• [EXERCISE]:
From the first line of the data below, repeat each line exactly until you reach the line with "Alfombra de diseño - 297 x 204 cm - salmón"; include that line too.

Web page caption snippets

<<<<

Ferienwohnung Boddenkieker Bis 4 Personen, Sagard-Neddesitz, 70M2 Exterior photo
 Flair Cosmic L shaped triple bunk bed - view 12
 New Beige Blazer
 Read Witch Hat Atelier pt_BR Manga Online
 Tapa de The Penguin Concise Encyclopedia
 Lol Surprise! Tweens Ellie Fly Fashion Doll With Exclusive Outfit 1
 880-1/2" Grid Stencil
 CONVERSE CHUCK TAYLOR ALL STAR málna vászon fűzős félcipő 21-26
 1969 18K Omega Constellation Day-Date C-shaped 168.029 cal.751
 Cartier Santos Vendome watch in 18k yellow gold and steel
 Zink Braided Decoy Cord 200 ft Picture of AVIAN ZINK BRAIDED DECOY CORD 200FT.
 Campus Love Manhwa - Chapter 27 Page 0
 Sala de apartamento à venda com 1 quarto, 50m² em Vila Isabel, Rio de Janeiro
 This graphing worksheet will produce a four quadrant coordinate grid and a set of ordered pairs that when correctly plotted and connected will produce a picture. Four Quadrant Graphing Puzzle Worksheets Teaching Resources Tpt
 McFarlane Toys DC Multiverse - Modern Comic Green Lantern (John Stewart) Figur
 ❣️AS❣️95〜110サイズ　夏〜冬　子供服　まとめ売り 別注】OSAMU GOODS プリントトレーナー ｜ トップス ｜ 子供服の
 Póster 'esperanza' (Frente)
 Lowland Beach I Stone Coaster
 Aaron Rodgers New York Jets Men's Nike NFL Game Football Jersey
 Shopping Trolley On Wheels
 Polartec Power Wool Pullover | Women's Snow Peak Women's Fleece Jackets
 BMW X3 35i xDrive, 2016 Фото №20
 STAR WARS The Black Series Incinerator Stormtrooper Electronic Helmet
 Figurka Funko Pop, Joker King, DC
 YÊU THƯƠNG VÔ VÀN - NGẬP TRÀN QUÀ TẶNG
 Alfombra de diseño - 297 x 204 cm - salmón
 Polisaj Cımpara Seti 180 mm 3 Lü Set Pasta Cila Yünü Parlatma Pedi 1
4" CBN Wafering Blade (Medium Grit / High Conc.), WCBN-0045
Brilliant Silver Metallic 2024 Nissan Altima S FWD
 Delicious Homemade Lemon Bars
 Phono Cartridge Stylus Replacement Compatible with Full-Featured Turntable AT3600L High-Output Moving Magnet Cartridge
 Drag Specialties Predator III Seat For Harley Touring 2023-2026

>>>>

• [ANSWER TO THE EXERCISE]:
Ferienwohnung Boddenkieker Bis 4 Personen, Sagard-Neddesitz, 70M2 Exterior photo
 Flair Cosmic L shaped triple bunk bed - view 12
 New Beige Blazer
 Read Witch Hat Atelier pt_BR Manga Online
 Tapa de The Penguin Concise Encyclopedia
 Lol Surprise! Tweens Ellie Fly Fashion Doll With Exclusive Outfit 1
 880-1/2" Grid Stencil
 CONVERSE CHUCK TAYLOR ALL STAR málna vászon fűzős félcipő 21-26
 1969 18K Omega Constellation Day-Date C-shaped 168.029 cal.751
 Cartier Santos Vendome watch in 18k yellow gold and steel
 Zink Braided Decoy Cord 200 ft Picture of AVIAN ZINK BRAIDED DECOY CORD 200FT.
 Campus Love Manhwa - Chapter 27 Page 0
 Sala de apartamento à venda com 1 quarto, 50m² em Vila Isabel, Rio de Janeiro
 This graphing worksheet will produce a four quadrant coordinate grid and a set of ordered pairs that when correctly plotted and connected will produce a picture. Four Quadrant Graphing Puzzle Worksheets Teaching Resources Tpt
 McFarlane Toys DC Multiverse - Modern Comic Green Lantern (John Stewart) Figur
 ❣️AS❣️95〜110サイズ　夏〜冬　子供服　まとめ売り 別注】OSAMU GOODS プリントトレーナー ｜ トップス ｜ 子供服の
 Póster 'esperanza' (Frente)
 Lowland Beach I Stone Coaster
 Aaron Rodgers New York Jets Men's Nike NFL Game Football Jersey
 Shopping Trolley On Wheels
 Polartec Power Wool Pullover | Women's Snow Peak Women's Fleece Jackets
 BMW X3 35i xDrive, 2016 Фото №20
 STAR WARS The Black Series Incinerator Stormtrooper Electronic Helmet
 Figurka Funko Pop, Joker King, DC
 YÊU THƯƠNG VÔ VÀN - NGẬP TRÀN QUÀ TẶNG
 Alfombra de diseño - 297 x 204 cm - salmón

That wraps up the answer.